(What you should do) Using the listing below, please print exactly the lines from the one with "Remove from album" through the one with "DavidCarroll". Leave out every picture.

───── Input material

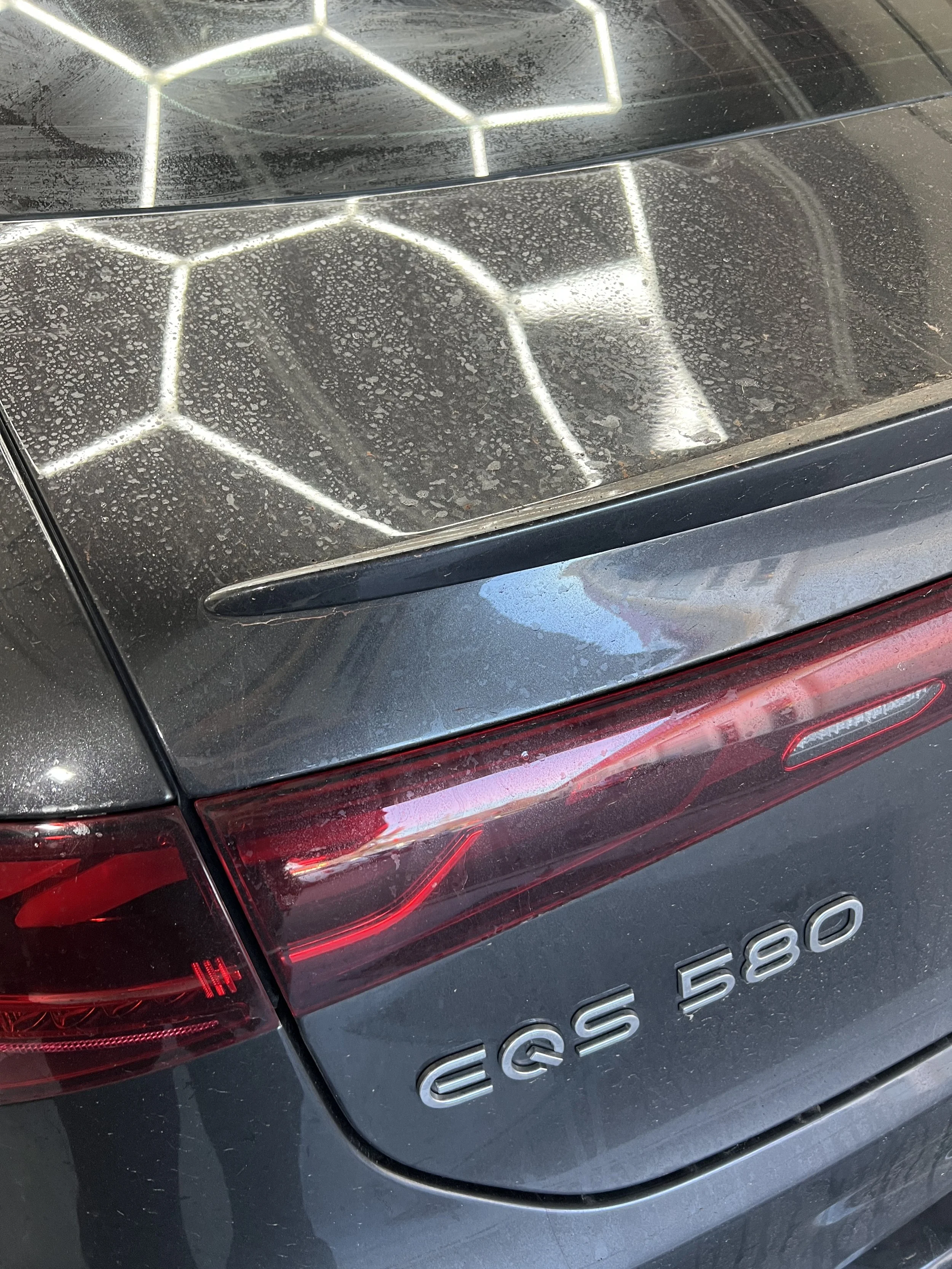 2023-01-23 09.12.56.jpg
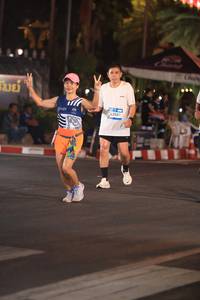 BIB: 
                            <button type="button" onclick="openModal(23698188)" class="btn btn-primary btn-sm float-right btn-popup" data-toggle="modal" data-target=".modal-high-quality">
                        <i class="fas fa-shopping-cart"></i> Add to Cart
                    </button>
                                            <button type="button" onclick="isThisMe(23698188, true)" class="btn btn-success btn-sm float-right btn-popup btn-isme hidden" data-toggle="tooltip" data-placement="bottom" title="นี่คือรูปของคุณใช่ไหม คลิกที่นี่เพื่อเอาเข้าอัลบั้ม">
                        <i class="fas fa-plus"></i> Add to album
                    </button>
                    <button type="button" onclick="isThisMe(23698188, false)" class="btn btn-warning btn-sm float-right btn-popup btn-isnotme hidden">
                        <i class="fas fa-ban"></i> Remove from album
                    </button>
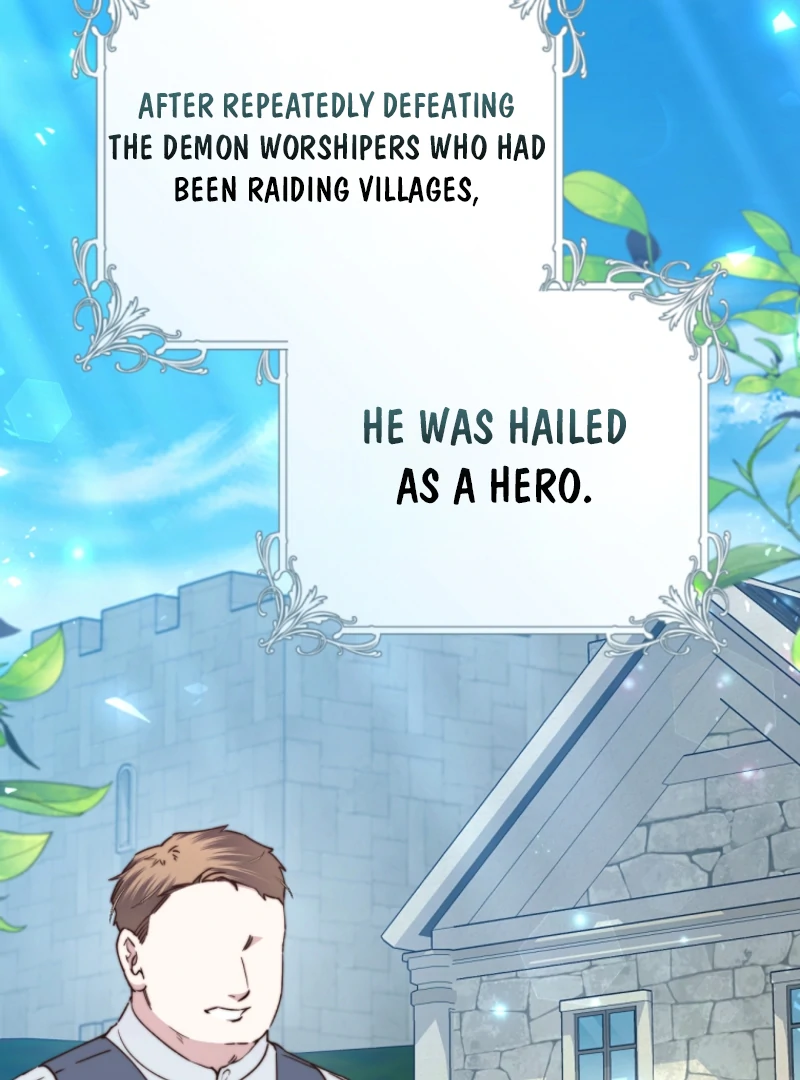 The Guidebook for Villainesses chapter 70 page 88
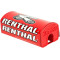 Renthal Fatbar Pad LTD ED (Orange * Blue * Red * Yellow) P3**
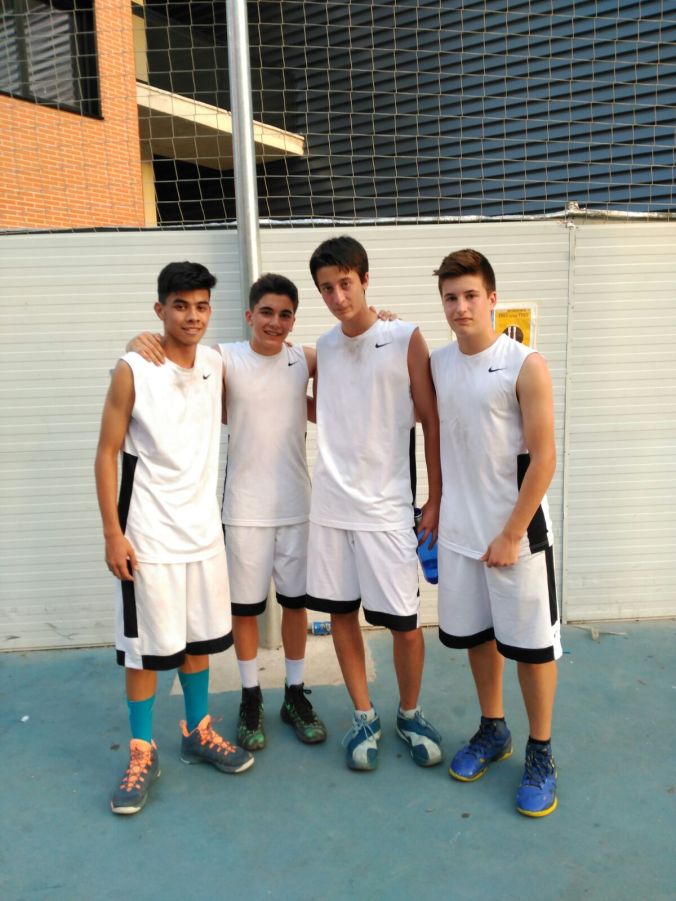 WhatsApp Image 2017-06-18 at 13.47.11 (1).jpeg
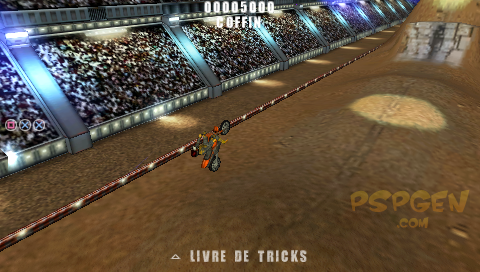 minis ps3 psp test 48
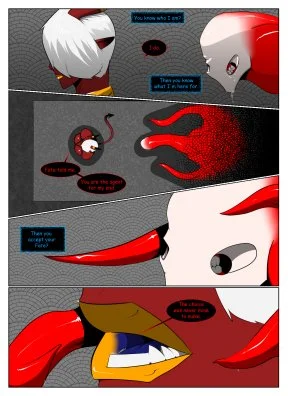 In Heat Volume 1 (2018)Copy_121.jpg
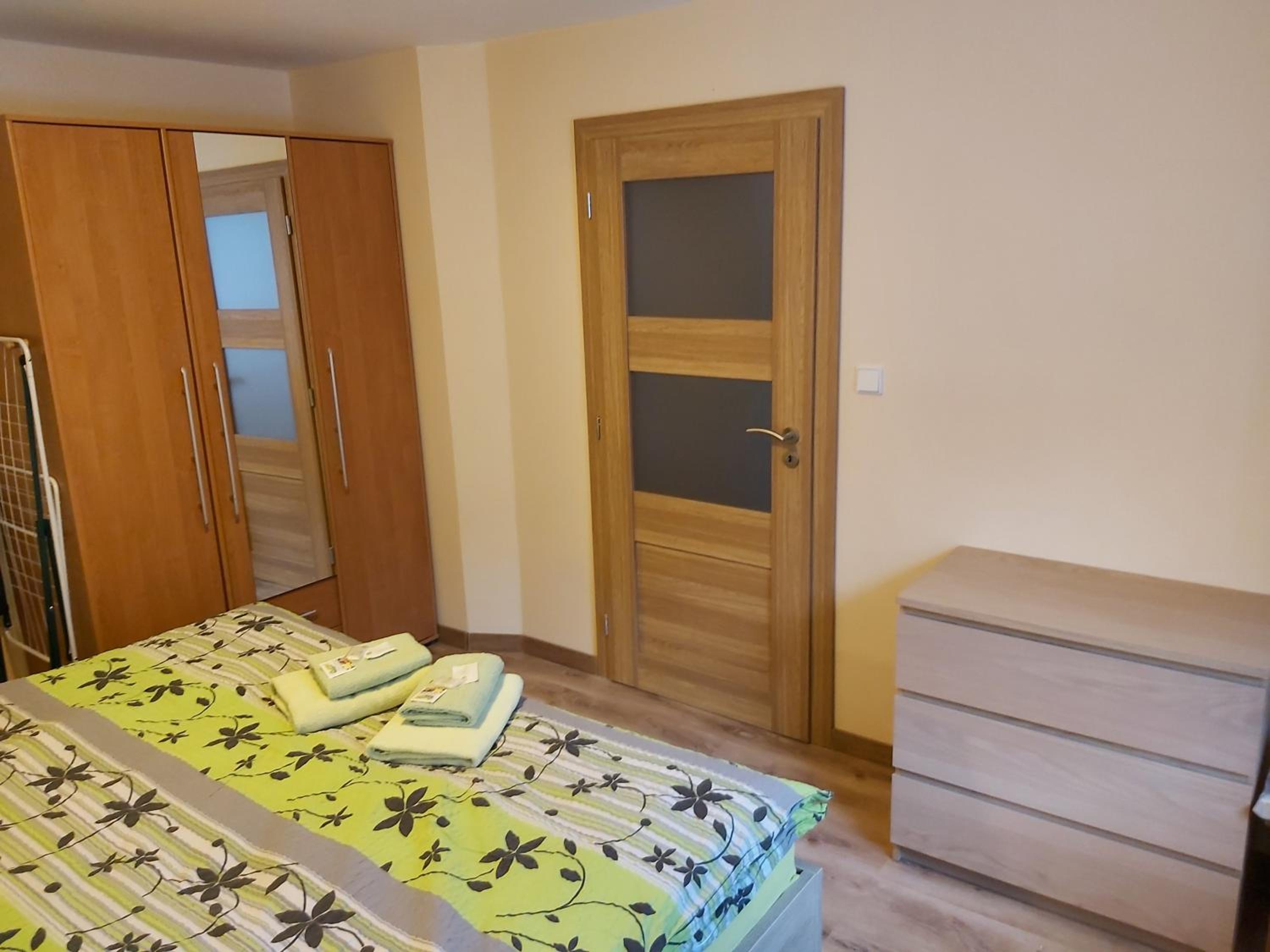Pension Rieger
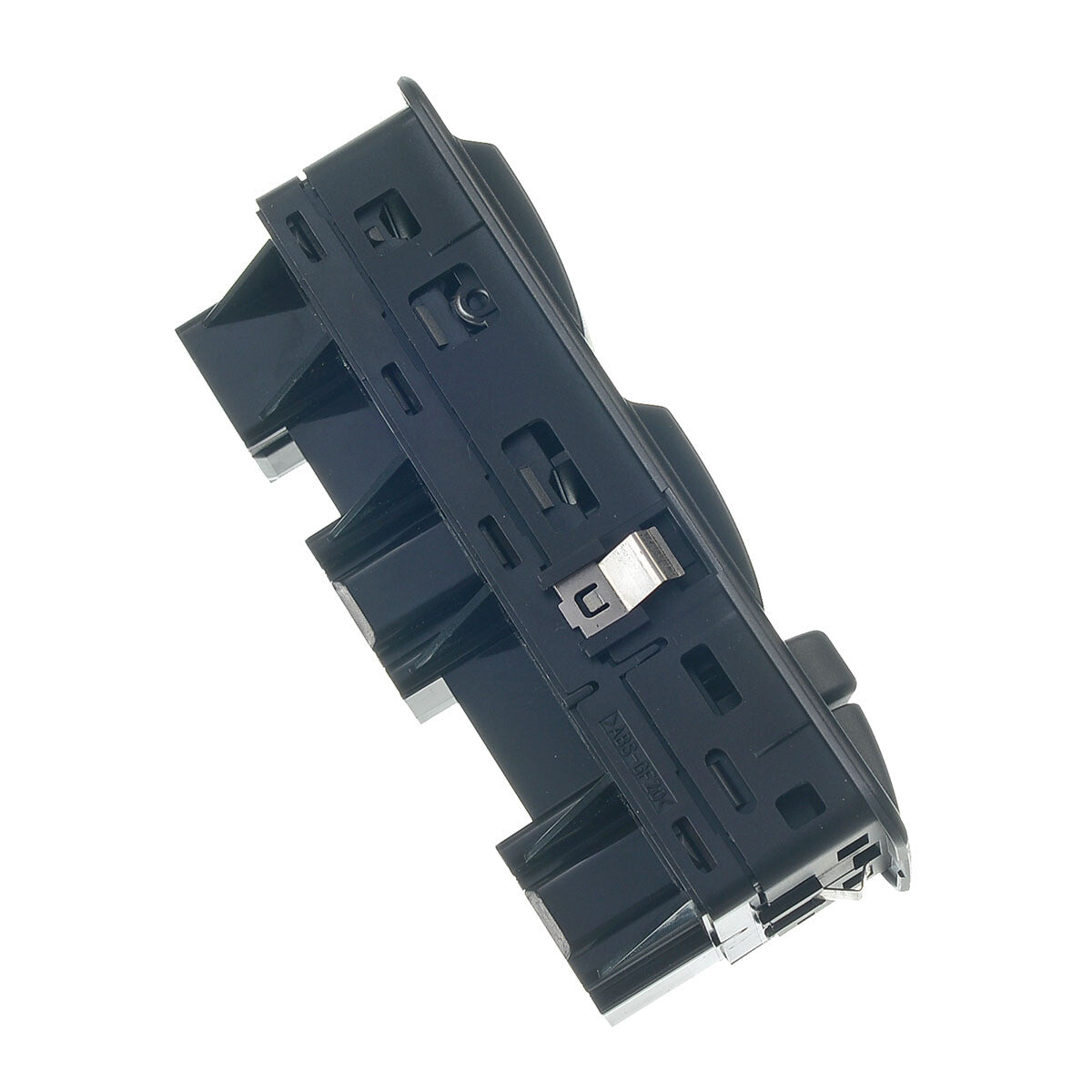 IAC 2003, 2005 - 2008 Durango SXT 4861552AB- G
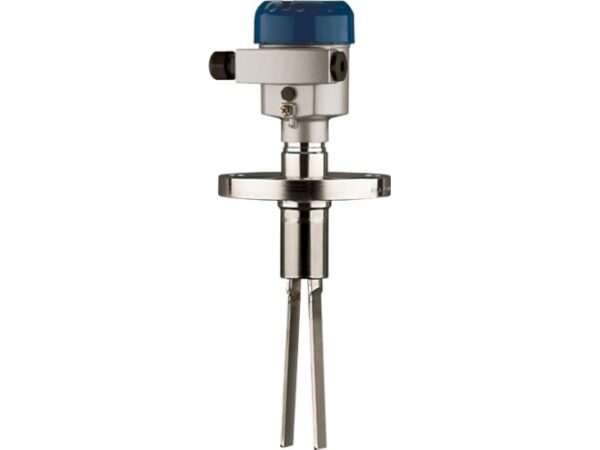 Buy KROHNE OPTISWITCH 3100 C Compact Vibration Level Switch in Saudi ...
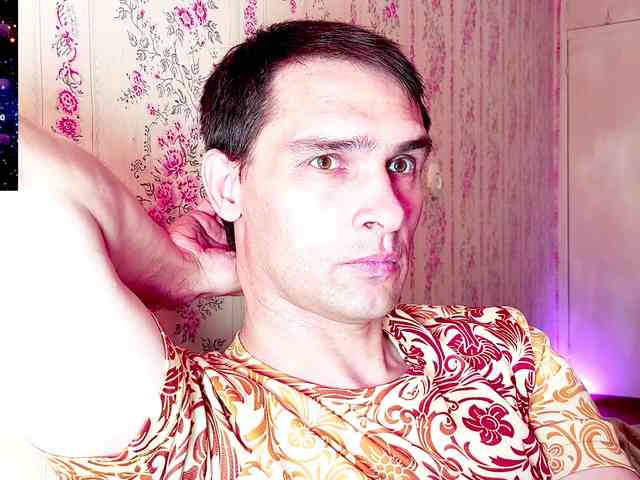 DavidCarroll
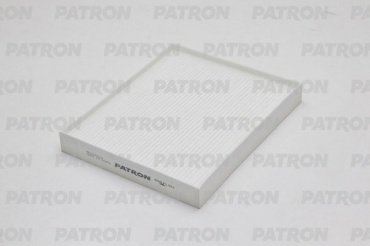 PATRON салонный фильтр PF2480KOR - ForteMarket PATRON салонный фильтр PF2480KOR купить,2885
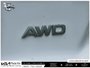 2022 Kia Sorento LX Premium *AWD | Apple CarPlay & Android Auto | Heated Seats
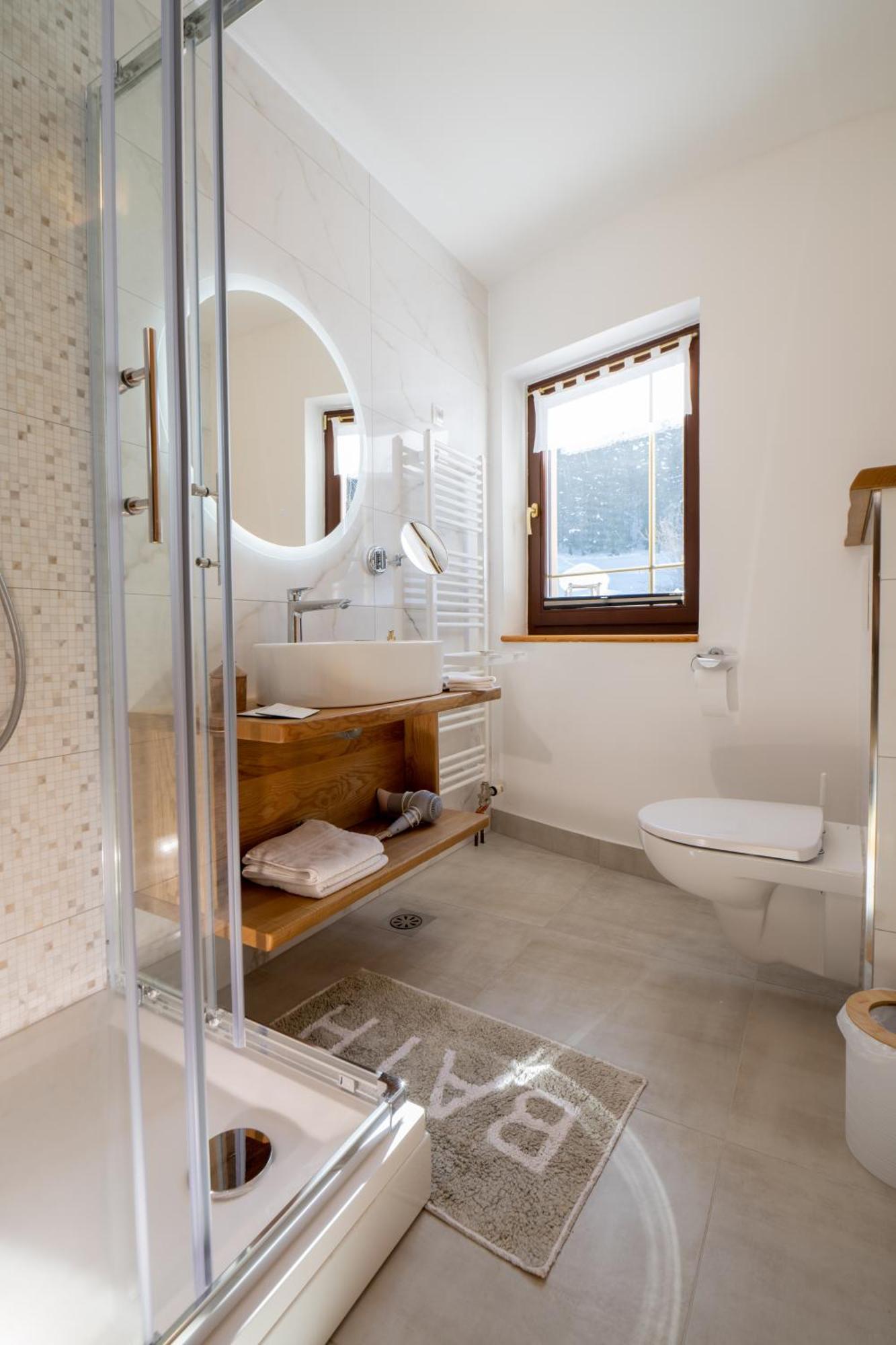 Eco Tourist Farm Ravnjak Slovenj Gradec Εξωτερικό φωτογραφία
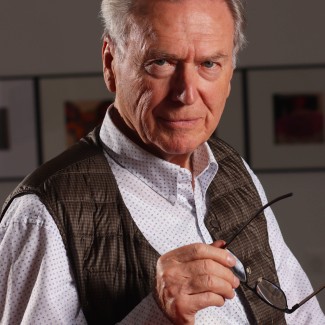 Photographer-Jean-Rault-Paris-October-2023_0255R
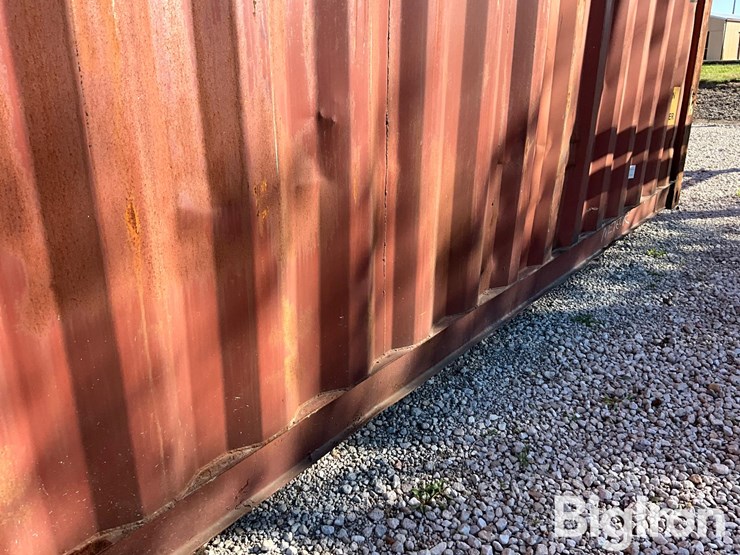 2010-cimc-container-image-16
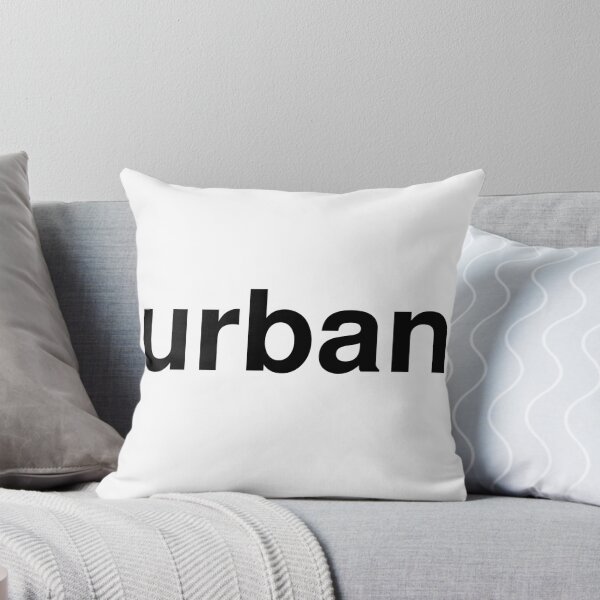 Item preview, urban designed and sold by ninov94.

──────────

(Task result)
                        <i class="fas fa-ban"></i> Remove from album
                    </button>
 The Guidebook for Villainesses chapter 70 page 88
 Renthal Fatbar Pad LTD ED (Orange * Blue * Red * Yellow) P3**
 WhatsApp Image 2017-06-18 at 13.47.11 (1).jpeg
 minis ps3 psp test 48
 In Heat Volume 1 (2018)Copy_121.jpg
Pension Rieger
 IAC 2003, 2005 - 2008 Durango SXT 4861552AB- G
 Buy KROHNE OPTISWITCH 3100 C Compact Vibration Level Switch in Saudi ...
 DavidCarroll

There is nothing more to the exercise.